Correction: A previous version of this story incorrectly spelled the full name of the genetic disease. RTV6 regrets the error.
INDIANAPOLIS — Autumn Ford had never heard of adrenoleukodystrophy. Not many have — only 1-in-17,000 people are born with it.
Ford had her children tested when her family lived in Connecticut where the state had just added the deadly genetic disease, also known as ALD, to its newborn screening panel.
Her fourth child, Shepherd, had the test first when he was born.
"He was the first that came up with it," Ford said. "Then we tested his older brother, Ransom. And he had it."
Ford said she cried when she learned both of her boys and one of her girls were carriers of ALD.
"To me, it was a death sentence at that point," Ford said. "You go on Google and you get worst case scenario. You see all the pictures of the boys dying and their moms."
The disease, which most severely affects boys, causes children to lose all neurological functioning: sight, vision, ability to hear, until eventually they're in a vegetative state and ultimately die.
"They think it's ADD, let's treat ADD. Let's get him glasses," Ford said. "Maybe he needs a hearing aid. And by the time you get to the point where you know it's bigger, because now you're having eyesight and hearing problems, it's bigger than this, it's most the time too late."
Ford said it is a problem that Indiana doesn't screen for ALD at birth. It is the only test recommended by the United States Department of Health and Human Services the state doesn't screen for, so families have no way of knowing until the disease progresses too far.
"I am walking around grocery stores and I see little boys and I'm like he could have it and they don't know," Ford said.
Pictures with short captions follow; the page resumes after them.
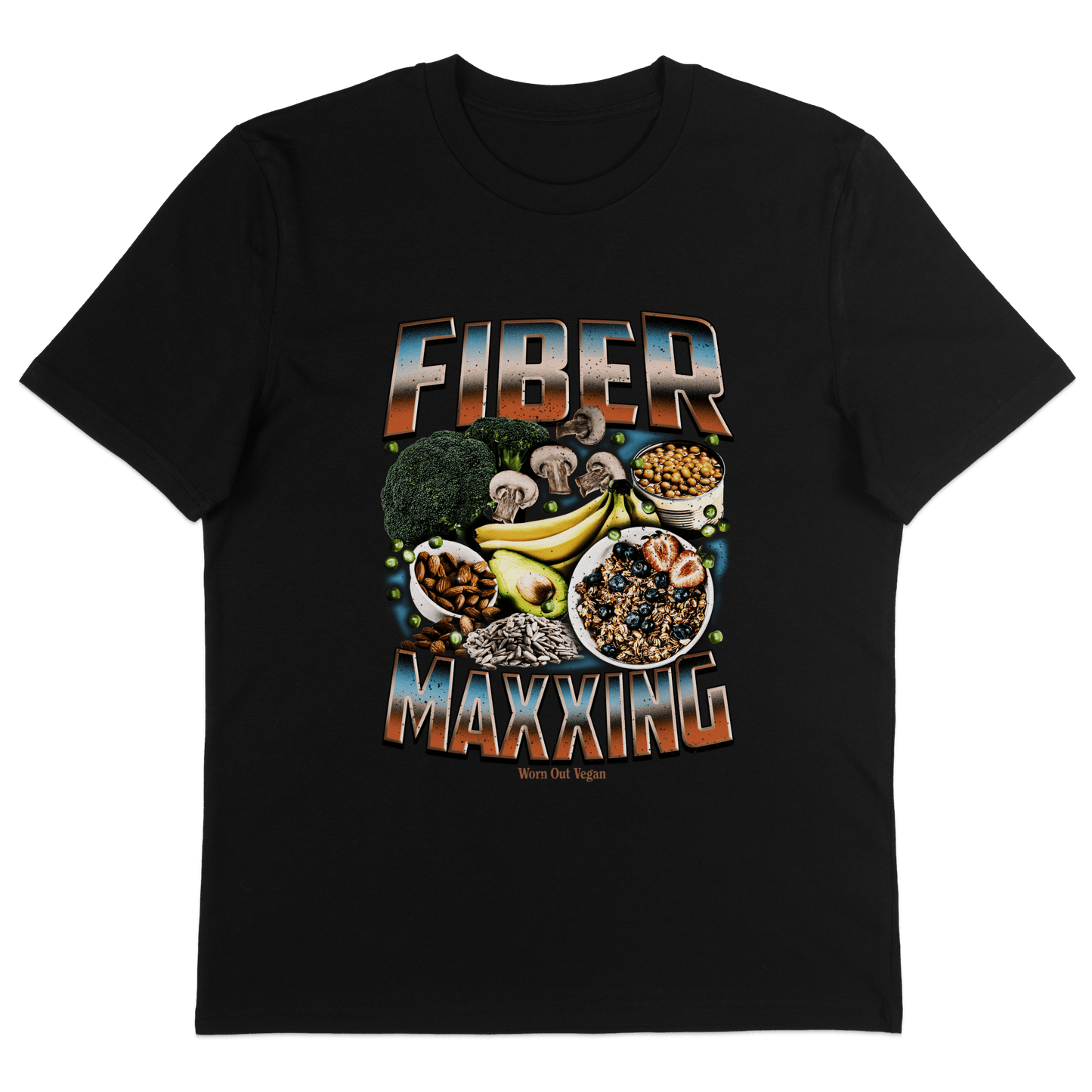 Fibermaxxing T-Shirt - Vegan America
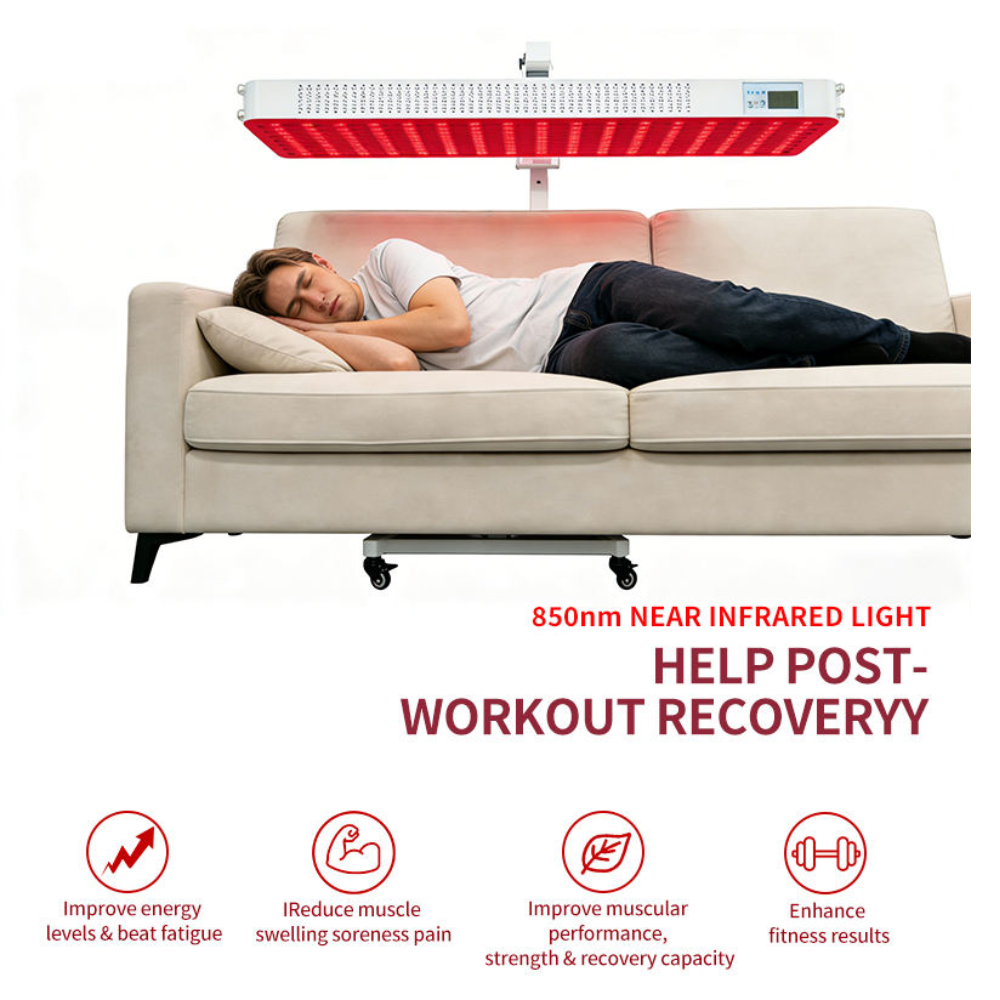 Valenluma Force Revive Series 7 Wavelength Full Body Red Light Therapy Panel with Stand  1500W Infrared Beauty & Recovery Light for Home, Clinic & Commercial Use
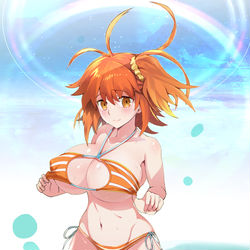 This is a pixiv picture whose title is 水着マスター礼装.
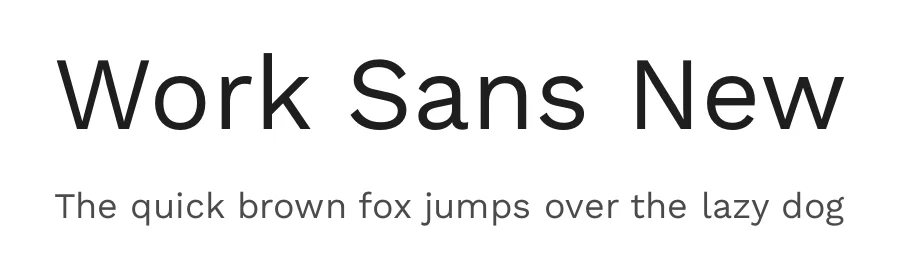 Work Sans New by Wei Huang — Sans Serif Font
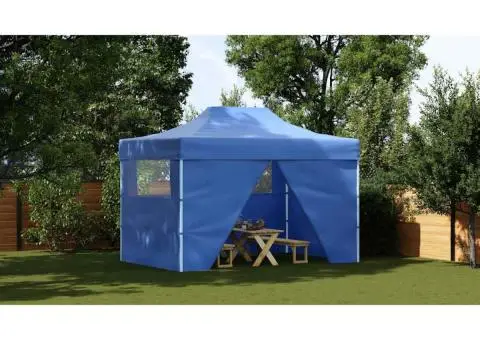 42512 Foldable Tent Pop-Up with 4 Side Walls 3x4,5 m Blue - 3/5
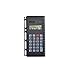 Chris-Wang Portable Pocket Calculator Ruler for Universal 2, 3, 4, 6 and 9 Rings Binder Planner/Notebook/Personal Organizer/Planner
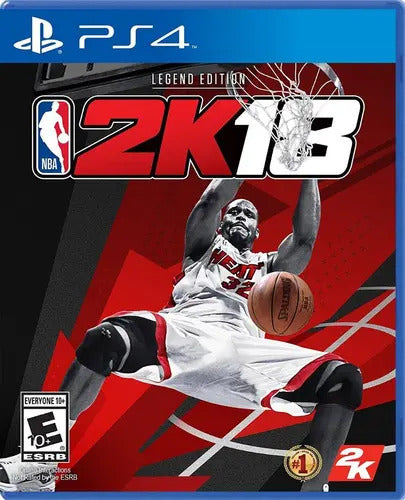 NBA 2K18 PS4 Usado — caja oficial
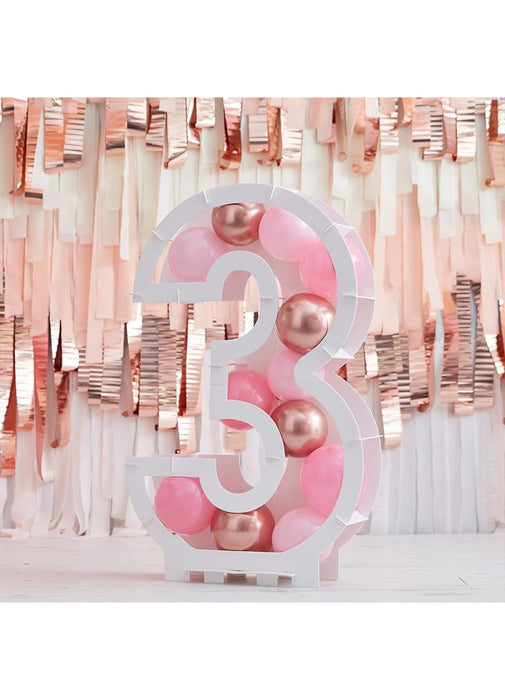 Balloon Mosaic Number 3 Stand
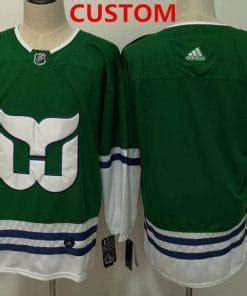 [HOT Now] Get New Custom Hartford Whalers Jersey Green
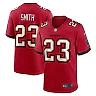 Zennovawear Men's Tampa Bay Buccaneers Tykee Smith Red Game Jersey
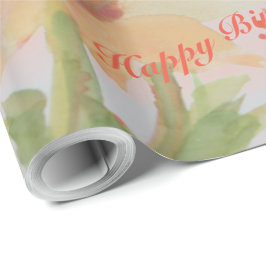 フローズンウォーターカラー設計紙製品 ラッピングペーパー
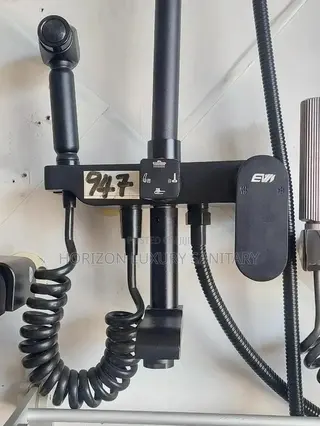 Black (4in1) Combined Telephone Shower With Shattaf(Bidet)
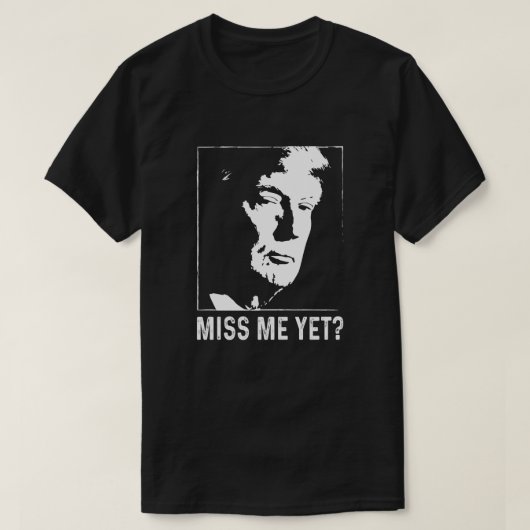 Miss me nog troef 2024 anti Biden T-shirt (Design voorkant)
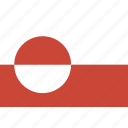 flag, greenland, rectangle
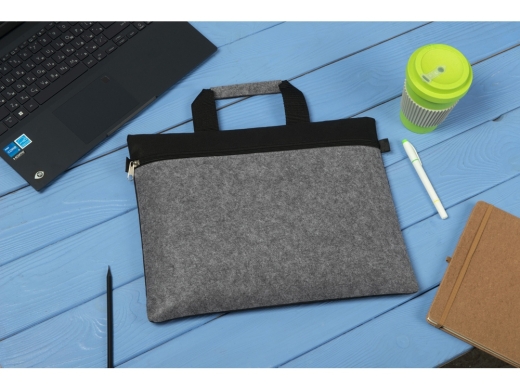 Изображение №5 | Сумка для документов «Felty» (серый/черный)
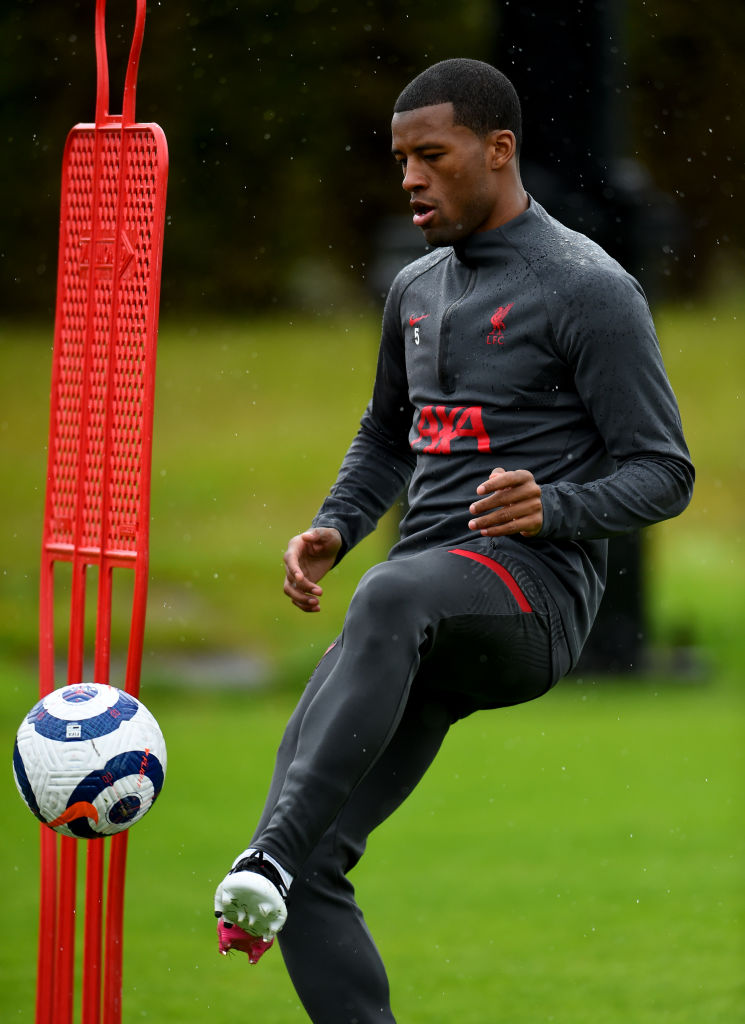 Liverpool fans have been saying goodbye to Gini Wijnaldum
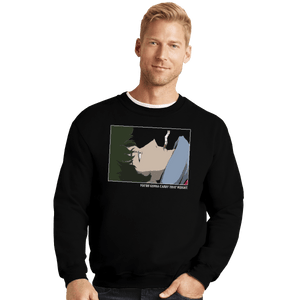Shirts Crewneck Sweater, Unisex / Small / Black Carry That Weight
However, Rep. Ryan Lauer, R-Columbus, is trying to change that with a bill that passed unanimously out of the House and is now being considered by the Senate.
"If we catch it early, they can have a full and normal life. And that's what I'm trying to accomplish this session with the bill on ALD is protecting our newborn infants," Lauer said.
Ford said making sure kids get tested for the disease is about giving children a chance.
"There's hope because you get to know ahead of time that they have it. You get to screen for it. You get to have MRIs, bloodwork. You get to keep them safe. They have a chance now," Ford said. "It needs to happen. It has to happen."